2017春夏、あなたはトレンドに上手く乗れるか

xusenru / Pixabay

こんにちは、森野です。

先日、いつもの道を一本それたら、梅の花が満開でした。新しい季節の足音を感じます。

アパレル販売員のみなさんは、そろそろ春服を揃えないといけない時期ですね。

販売員が店頭で着用して表現できるトレンドと、お客様が日常に落とし込めるそれとの間には、大きなギャップがある場合がほとんどです。

売れるアパレル販売員、頼りにされる販売員は、トレンドを自身のスタイリングでしっかりと表現しつつ、お客様それぞれにフィットするボリュームでトレンドをコーディネート提案できる人です。

ではどうしたら、情報を上手に噛み砕いて、お客様の「トレンドは気になるけど…損はしたくない!」に応えられるかを考えてみましょう。

そのアイテムが「一発屋」で終わるかどうかを見極める

注目アイテムとしてあちこちで取りあげられていたけれど、次シーズンに着用していると「この前流行ったやつだ…」という視線を感じてしまうものを「一発屋」としましょう。シーズンを春夏、秋冬で分けたときに、春に流行って秋には終わってるアイテムのこと。

損したくないお客様は、せめて1年間は使いたいはず。

購入の際店頭で販売員から「黒だし、ずっと使えますよ」なんて言われて買ったお客様は、この視線によって「今年はもう使えない…だまされた!」となるわけです。
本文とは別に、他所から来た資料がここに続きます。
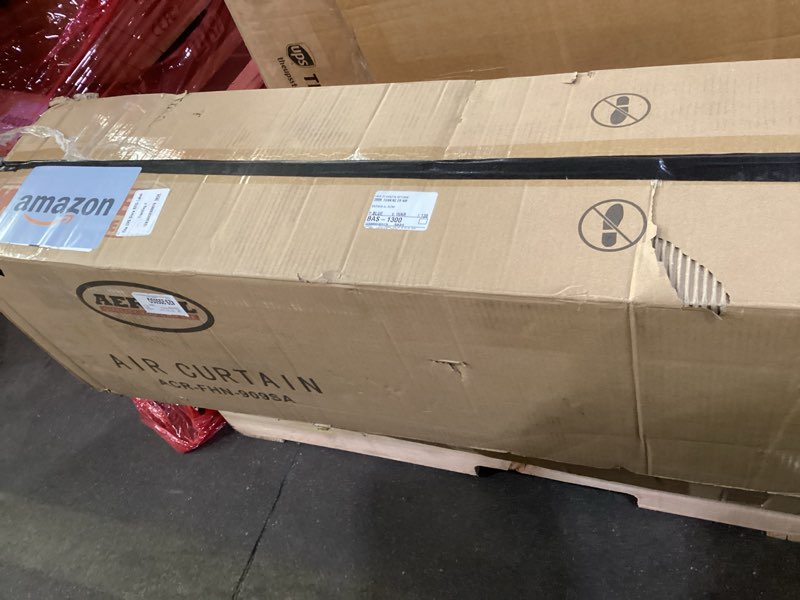 Condition photo showing As Is for durasteel wall mounted air curtains for doors commercial - 60 inch white fly fans - super power over door fan with ms switch - sliding under door fans to move air curtain blower keep flies bugs out titan-1 60" (inch) white
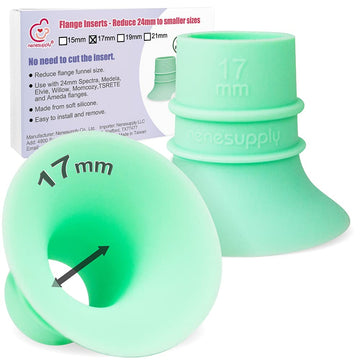 Nenesupply 2nd Generation 17mm Flange Inserts Compatible with 24mm Flange of Elvie Stride Spectra Momcozy Willow Reduce 24mm to 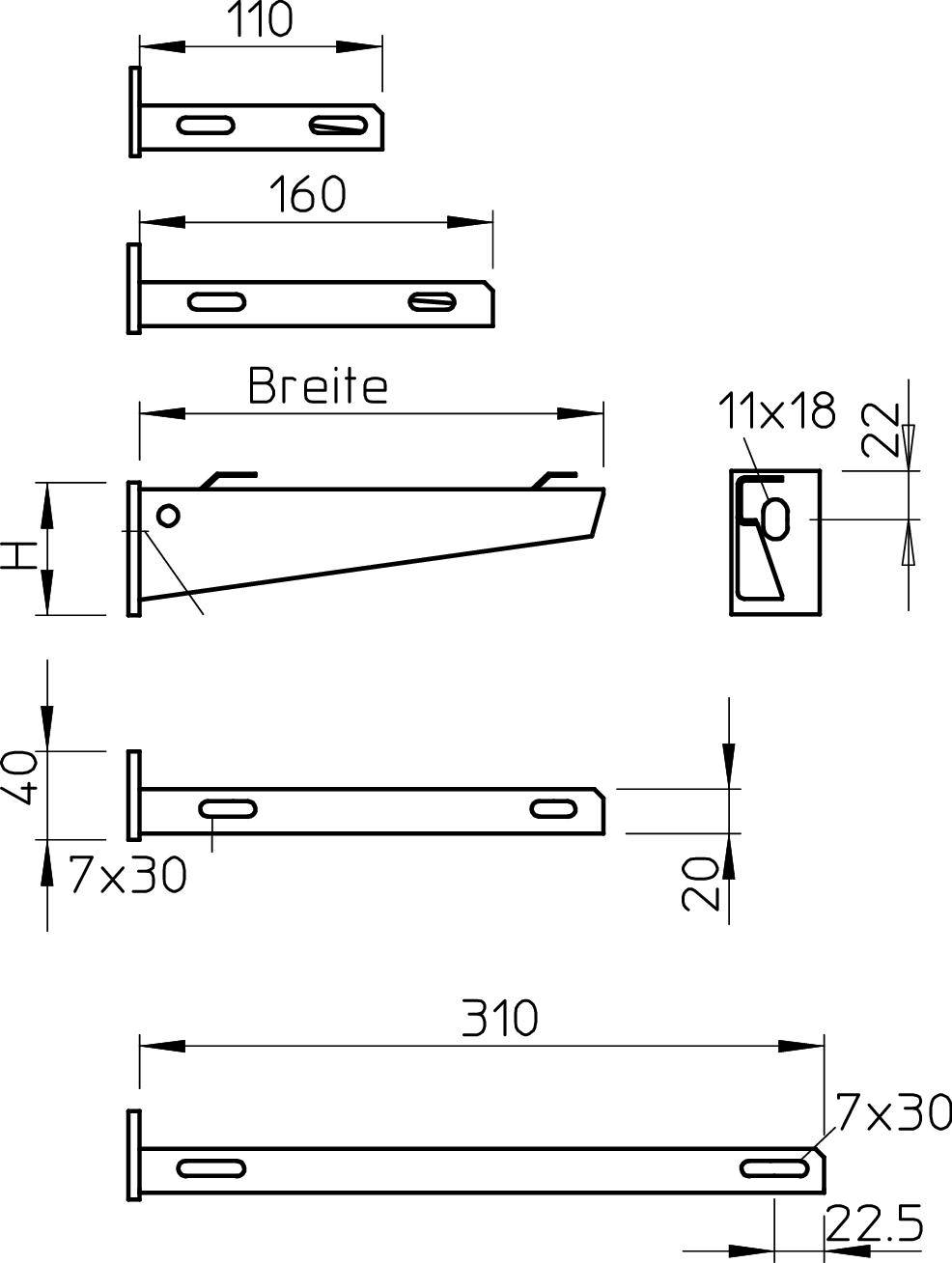 Technische Zeichnung eines Wandregalhalters mit Maßen: Länge 310 mm, Breite 160 mm, Höhe 40 mm, Lochdurchmesser 11x18 mm.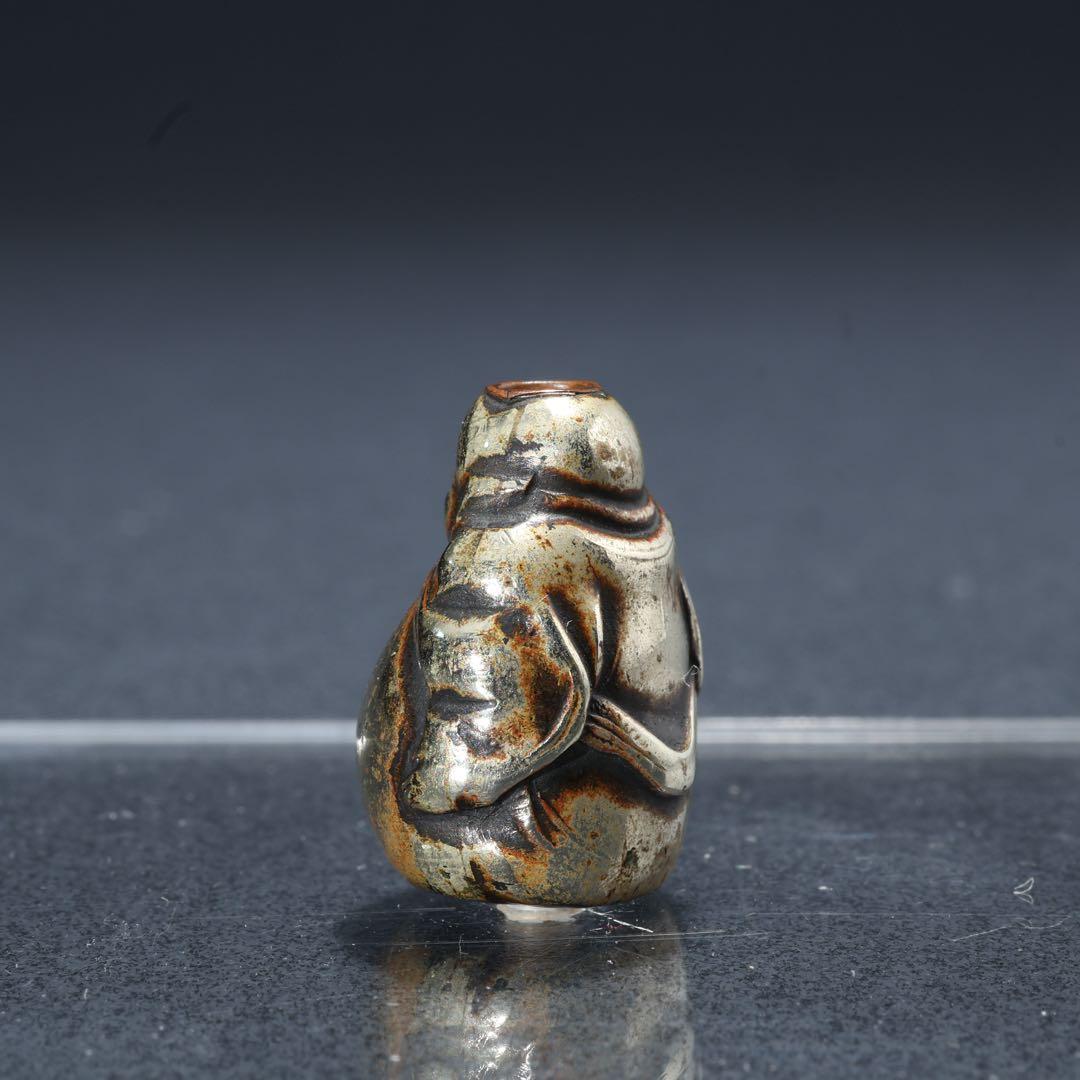 緒締め玉　布袋　提げもの　金属　銀製　R1648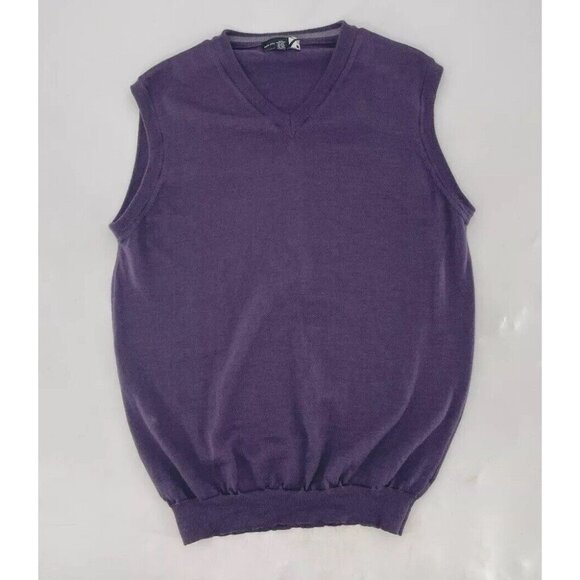 Vintage Saks Fifth Avenue 100% Merino‎ Wool Purple Vest Size Large Made In Italy - Picture 3 of 8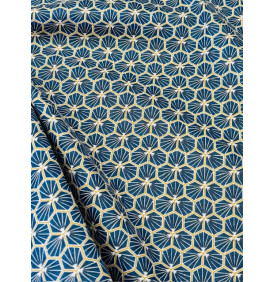 Coton enduit – Riad bleu pétrole – Motif géométrique – Coupon 50 x 160 cm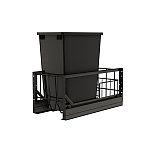 Rev-A-Shelf Aluminum Single Black 35 Qt. Pullout Waste Container w/ Soft-Close for 15" Base Cabinets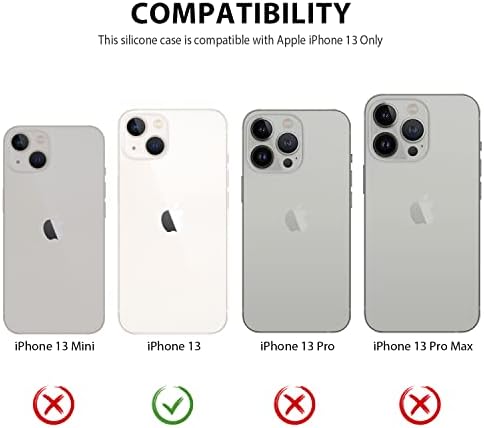 מארז טלפון סיליקון Zuslab תואם ל- Apple iPhone 13 6.1 '' 2021, 【עם מגן מסך 1】 פגוש אטום הלם TPU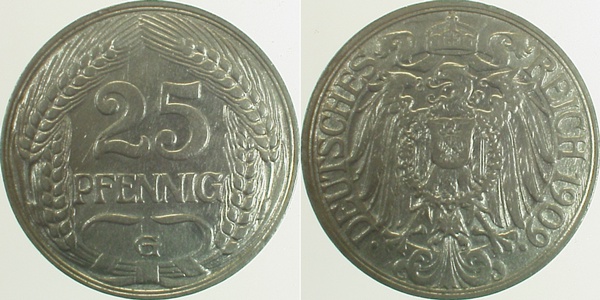 25 Pfennig 1909 G vz J018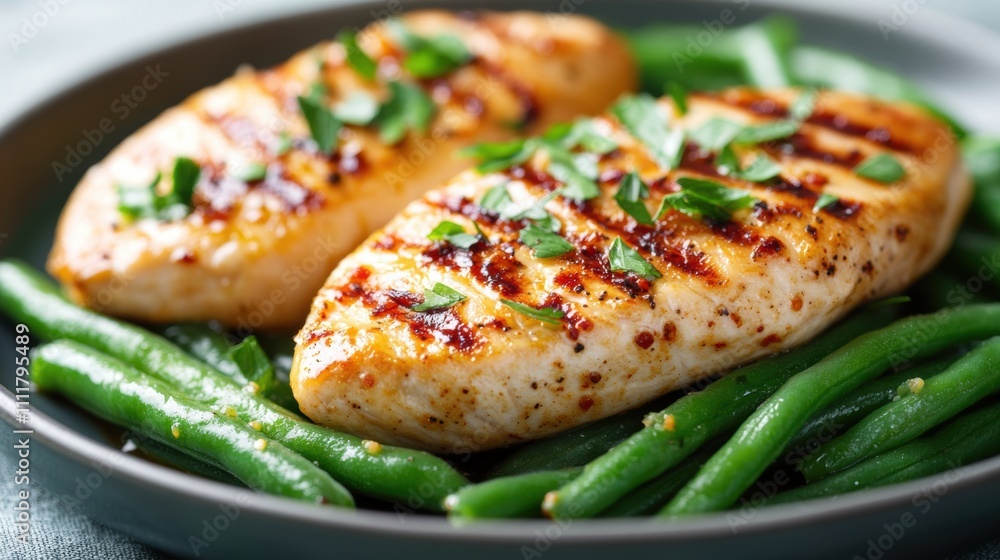 Minimalist Healthy Meal featuring Roasted Chicken Breast with Steamed Green Beans, simple, nutritious, vibrant colors, fresh ingredients Minimalist Healthy Meal featuring Roasted Chicken Breast with Steamed Green Beans, simple, nutritious, vibrant colors, fresh ingredients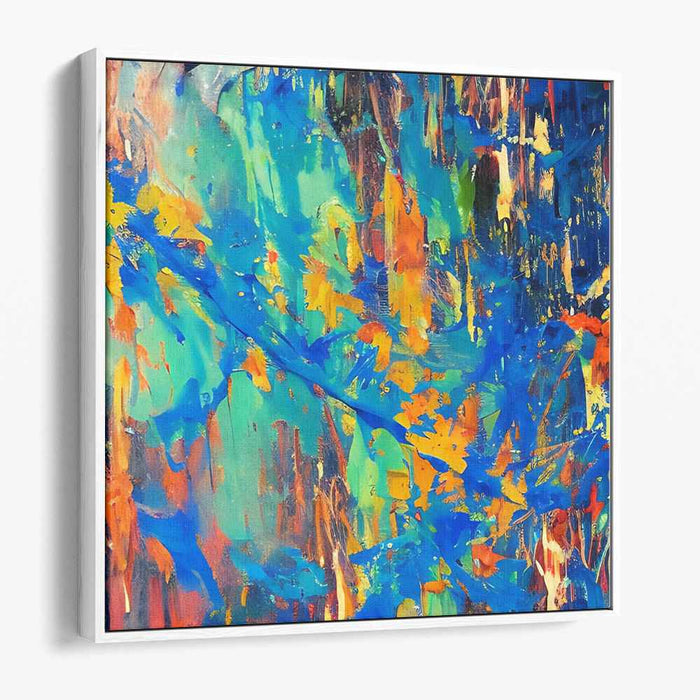 Vivid Horizon Fusion: Abstract Expressionist Canvas Art Bursting with Blue and Orange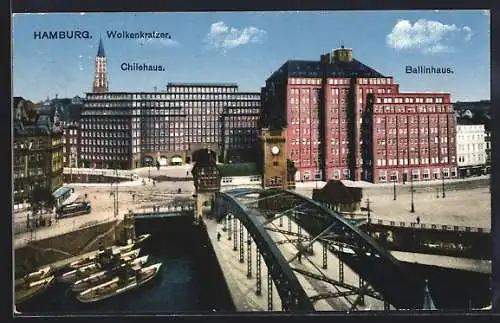 AK Hamburg Kontorhausviertel, Wolkenkartzer Chilehaus u. Ballinhaus, Strassenbahn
このあたりについては先週、南さんがTopsellerのブログで触れていました。→http://topseller.style/archives/1799

流行らせ方に脈絡の無いものはだいたい一発屋で終わる

16SSの一発屋代表は、ウィメンズで流行らされたレースアップのパンプスだと思います。
足の甲からひもを交差しながら編み上げて、足首あたりで結ぶアレです。なんのこっちゃ?の方は、〈レースアップパンプス〉で検索してください。

そもそも15FWのGUCCI(アレッサンドロ・ミケーレ)のコレクションで、素肌の透ける花柄のキャミソールに、アコーディオンプリーツの膝下丈のスカートを合わせたその足元に、登場しています。

ここであらかじめ整理すると、2015年2月25日(水)ミラノで発表されたGUCCIのコレクションで使われたパンプスにヒントを得た(似せた)商品が日本の市場でも2015年9月頃から浸透し始めます。そして2016年の年明けには Next trend として急浮上、2016年の春先には街中でたくさん見かけるようになりました。しかし夏がきて気温の上昇とともに影を潜め、秋になったら誰も履いてなかった、という流れです。秋も履けたら一発屋ではなかったのですが、そうはいきませんでした。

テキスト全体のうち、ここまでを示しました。